Data for this task below:

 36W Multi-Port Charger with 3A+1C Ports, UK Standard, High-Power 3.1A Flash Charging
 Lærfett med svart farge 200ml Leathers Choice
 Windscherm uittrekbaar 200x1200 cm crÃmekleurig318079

End of Data for this task.
Data for this task below:

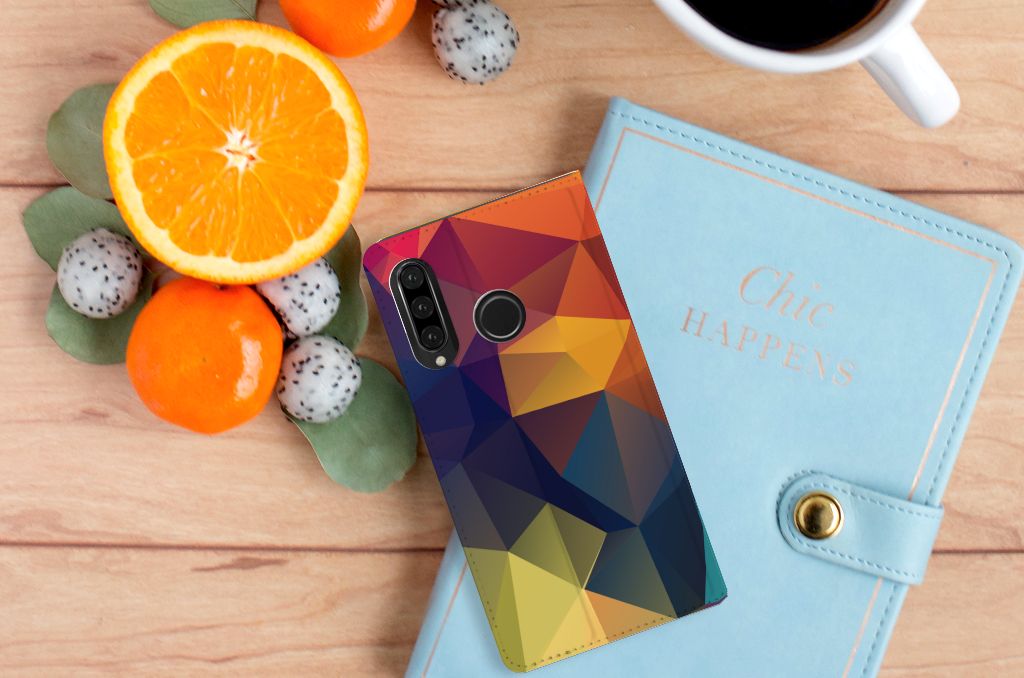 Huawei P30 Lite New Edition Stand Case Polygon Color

End of Data for this task.

▸ **What the exercise asks**: The range runs from the line with "36W Multi-Port Charger" up to and including the line with "Windscherm uittrekbaar 200x1200" in the listing above; please write out exactly those lines and nothing more.

▸ **Finished exercise**:
 36W Multi-Port Charger with 3A+1C Ports, UK Standard, High-Power 3.1A Flash Charging
 Lærfett med svart farge 200ml Leathers Choice
 Windscherm uittrekbaar 200x1200 cm crÃmekleurig318079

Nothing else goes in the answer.